Along with the markers removed, five new gene tests were added, including HH7 and Slick for monitoring. In a test run based on February 2024 evaluation, correlations of genomic predictions from the previous and new SNP list were about 99.6% for nearly all traits and with very little impact on averages and SDs. Animals with low density genotypes, incomplete pedigree or loose links to the reference population will be the most affected.
The SNP list revision may affect carrier status for a slightly higher percentage of animals, because some haplotypes now include a different set of markers.
Annual Breed Base Representation (BBR) Update
By Ezequiel L. Nicolazzi
This year’s Breed Base Representation (BBR) update will include the usual updated set of BBR reference animals, is occurring in August, and is based on the new set of 69,200 SNPs. A test run based on the February 2024 evaluation showed comparable results to previous yearly BBR changes, confirming the little effect of the decluttered SNP list on results.

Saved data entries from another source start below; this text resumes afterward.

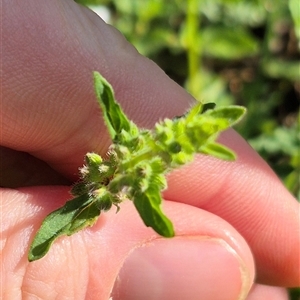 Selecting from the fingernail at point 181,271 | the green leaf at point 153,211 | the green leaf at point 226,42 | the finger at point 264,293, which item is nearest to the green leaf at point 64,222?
the green leaf at point 153,211

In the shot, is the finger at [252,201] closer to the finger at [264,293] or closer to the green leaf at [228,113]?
the finger at [264,293]

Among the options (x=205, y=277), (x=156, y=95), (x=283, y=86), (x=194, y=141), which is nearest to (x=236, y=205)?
(x=205, y=277)

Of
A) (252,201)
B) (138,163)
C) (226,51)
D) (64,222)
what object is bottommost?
(252,201)

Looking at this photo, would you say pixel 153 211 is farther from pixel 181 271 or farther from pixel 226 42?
pixel 226 42

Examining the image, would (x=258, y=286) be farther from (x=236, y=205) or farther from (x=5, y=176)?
(x=5, y=176)

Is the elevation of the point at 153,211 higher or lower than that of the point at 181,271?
higher

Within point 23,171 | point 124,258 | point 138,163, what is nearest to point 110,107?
point 138,163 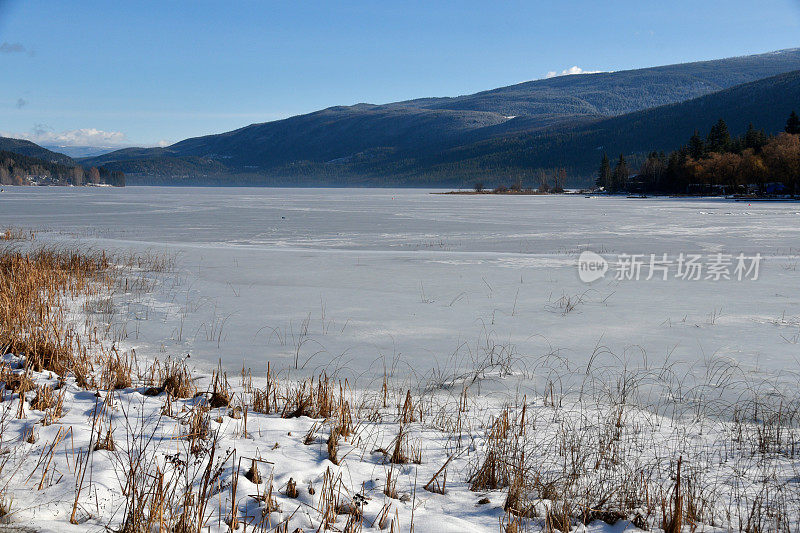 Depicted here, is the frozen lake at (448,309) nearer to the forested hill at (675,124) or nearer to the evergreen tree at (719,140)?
the evergreen tree at (719,140)

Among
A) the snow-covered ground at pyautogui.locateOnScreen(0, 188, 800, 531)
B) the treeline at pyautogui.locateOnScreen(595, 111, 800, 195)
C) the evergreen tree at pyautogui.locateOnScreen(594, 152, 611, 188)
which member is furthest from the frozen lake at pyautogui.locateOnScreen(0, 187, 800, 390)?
the evergreen tree at pyautogui.locateOnScreen(594, 152, 611, 188)

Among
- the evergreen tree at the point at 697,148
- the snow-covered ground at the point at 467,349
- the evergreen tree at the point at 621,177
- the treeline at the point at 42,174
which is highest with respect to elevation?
the treeline at the point at 42,174

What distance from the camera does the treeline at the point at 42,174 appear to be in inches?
6083

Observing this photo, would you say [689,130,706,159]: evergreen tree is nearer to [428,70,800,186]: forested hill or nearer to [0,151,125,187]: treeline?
[428,70,800,186]: forested hill

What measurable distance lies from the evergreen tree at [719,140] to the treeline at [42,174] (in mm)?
154193

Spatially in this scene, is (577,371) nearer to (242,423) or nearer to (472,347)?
(472,347)

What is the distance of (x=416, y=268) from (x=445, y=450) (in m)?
9.61

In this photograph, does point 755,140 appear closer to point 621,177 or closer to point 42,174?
point 621,177

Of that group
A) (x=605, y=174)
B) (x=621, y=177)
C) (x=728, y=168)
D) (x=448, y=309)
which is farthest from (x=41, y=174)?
(x=448, y=309)

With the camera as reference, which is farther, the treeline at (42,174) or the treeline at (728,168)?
the treeline at (42,174)

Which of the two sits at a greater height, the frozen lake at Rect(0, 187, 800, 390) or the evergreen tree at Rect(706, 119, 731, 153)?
the evergreen tree at Rect(706, 119, 731, 153)

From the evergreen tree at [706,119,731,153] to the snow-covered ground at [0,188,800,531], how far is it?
221 feet

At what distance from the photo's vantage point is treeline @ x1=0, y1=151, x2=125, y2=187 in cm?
15451

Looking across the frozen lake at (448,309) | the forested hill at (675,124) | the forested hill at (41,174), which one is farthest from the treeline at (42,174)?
the frozen lake at (448,309) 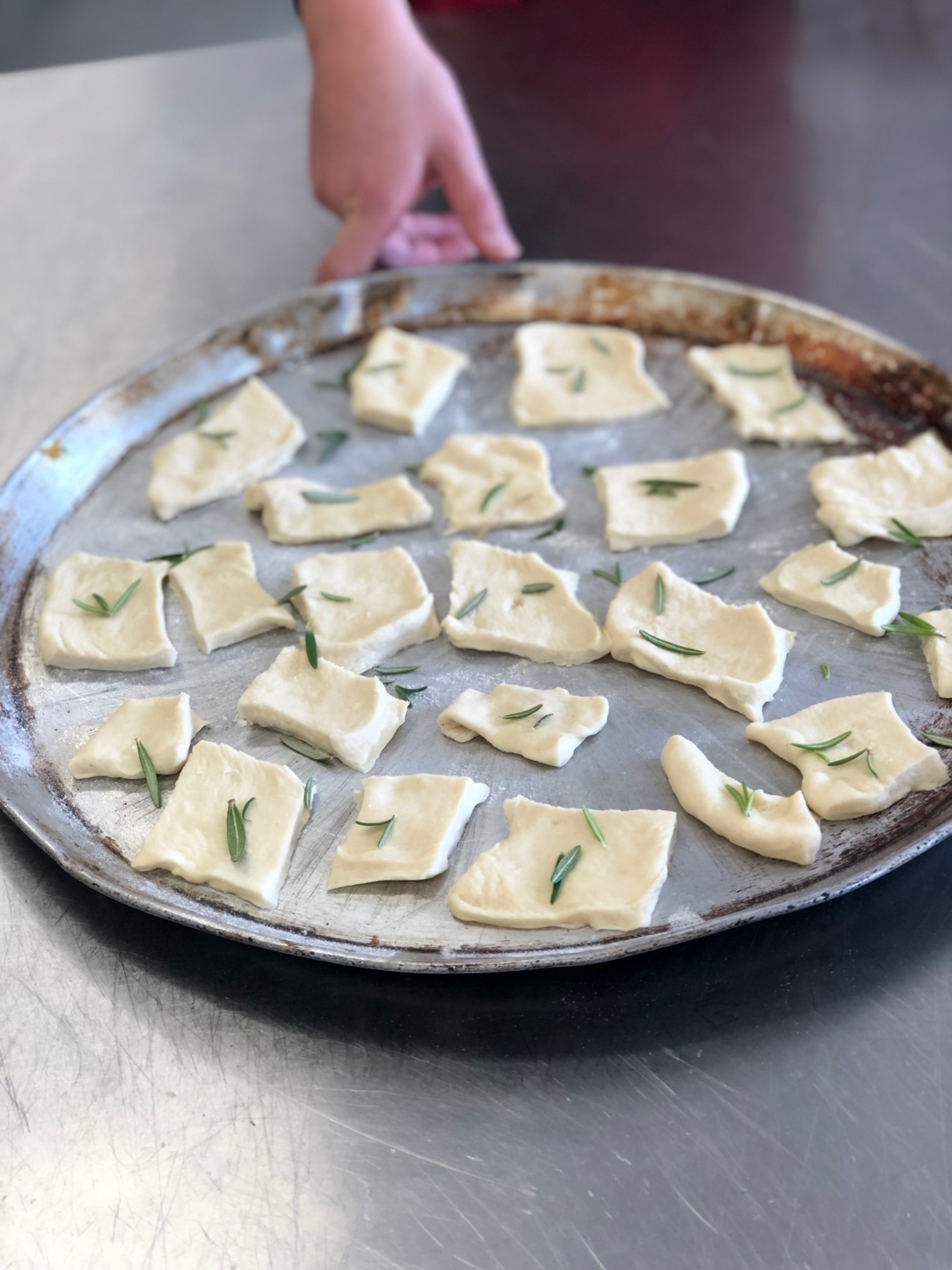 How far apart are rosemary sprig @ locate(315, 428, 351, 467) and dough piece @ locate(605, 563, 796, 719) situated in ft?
2.05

Inclusion of HH6 and JNS gene tests in haplotype calculations
By Dan Null, Heather A. Enzenauer, Lillian Bacheller, Ezequiel L. Nicolazzi and Paul VanRaden
Holstein HH6 and Jersey Neuropathy with Splayed Forelimbs (JNS) will now include direct gene test information in their haplotype calculation. Neogen regularly shares gene tests in their genotype submissions with CDCB for their use in haplotype calculation. Also, the American Jersey Cattle Association has been submitting gene test results for JNS from multiple providers to CDCB. Both these sources of information will now be included directly in imputation and will be used in haplotype calculation. Test run results show improved performance and higher correspondence for both haplotypes on animals with gene test information and their progeny.